On the conference call, you heard the same thing NVDA’s Jensen was saying. We are transitioning from training large language models to inference and reasoning models.
This, without a doubt, is the future. But when Jensen says hyperscalers will be spending 600 billion a year, of which they will get 25 cents to 35 cents of each year, it falls on deaf ears, ironically, when they have gone from $16 billion to $130 billion in less than 5 years and are on target to do $200 billion in revenue this fiscal year.
2025 130 billion
2024 60.92 billion
2023 26.97 billion
2022 26. 91 billion
2021 16.68 billion
This sounds like a bird in the hand if you’re asking, but again, Wall Street chooses its champions, and sometimes it’s more about what they can get away with versus what you can prove.
And while I understand the Potential of competition in terms of NVDA’s chip dominance, even Oracle is investing 40 billion dollars in NVDA’s GPUs.

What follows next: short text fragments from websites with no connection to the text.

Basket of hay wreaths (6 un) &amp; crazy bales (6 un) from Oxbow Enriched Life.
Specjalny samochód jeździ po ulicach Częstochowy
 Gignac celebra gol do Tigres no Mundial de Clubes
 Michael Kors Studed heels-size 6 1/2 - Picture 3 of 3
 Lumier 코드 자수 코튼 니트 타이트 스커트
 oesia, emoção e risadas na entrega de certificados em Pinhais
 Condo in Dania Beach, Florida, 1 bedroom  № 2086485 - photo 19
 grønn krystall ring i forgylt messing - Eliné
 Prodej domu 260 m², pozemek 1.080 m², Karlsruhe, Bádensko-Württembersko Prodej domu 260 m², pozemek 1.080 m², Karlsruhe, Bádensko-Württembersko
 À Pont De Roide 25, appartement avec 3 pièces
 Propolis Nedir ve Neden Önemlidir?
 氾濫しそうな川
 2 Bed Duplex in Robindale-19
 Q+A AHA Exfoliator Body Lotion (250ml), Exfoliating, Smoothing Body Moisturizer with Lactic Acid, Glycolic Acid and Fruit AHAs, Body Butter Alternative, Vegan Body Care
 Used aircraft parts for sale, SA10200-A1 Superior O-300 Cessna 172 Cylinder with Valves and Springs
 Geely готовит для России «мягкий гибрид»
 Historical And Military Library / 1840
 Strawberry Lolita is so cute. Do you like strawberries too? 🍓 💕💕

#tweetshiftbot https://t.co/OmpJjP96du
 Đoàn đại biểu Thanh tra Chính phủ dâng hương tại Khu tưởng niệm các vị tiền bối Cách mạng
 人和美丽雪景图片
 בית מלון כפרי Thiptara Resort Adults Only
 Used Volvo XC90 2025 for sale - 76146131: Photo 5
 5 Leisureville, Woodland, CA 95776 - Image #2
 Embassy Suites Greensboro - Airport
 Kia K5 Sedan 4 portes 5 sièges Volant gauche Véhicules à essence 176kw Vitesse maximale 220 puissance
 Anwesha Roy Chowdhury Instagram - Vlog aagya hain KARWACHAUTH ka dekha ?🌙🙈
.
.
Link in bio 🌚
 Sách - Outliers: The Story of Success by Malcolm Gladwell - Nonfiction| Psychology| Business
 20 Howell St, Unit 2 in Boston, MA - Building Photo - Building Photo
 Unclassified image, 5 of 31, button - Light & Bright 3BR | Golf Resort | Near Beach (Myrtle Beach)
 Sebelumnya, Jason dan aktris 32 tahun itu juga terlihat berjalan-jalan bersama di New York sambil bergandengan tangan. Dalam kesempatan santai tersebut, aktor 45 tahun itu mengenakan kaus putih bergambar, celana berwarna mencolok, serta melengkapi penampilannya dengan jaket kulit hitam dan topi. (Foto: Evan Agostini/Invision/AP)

I guess NVDA is a victim of its success, and Oracle has been an anemic grower for so long, perhaps it makes sense to give them a little credit for the pivot.
But there is a big difference between the train and the train tracks.
In the meantime, I will invest in the future that’s been proven, not potential, even if I’m wrong, I’m right.
It's kind of hard losing money on a company growing over 40% for the next 5 years, and that’s my idea of “potential.”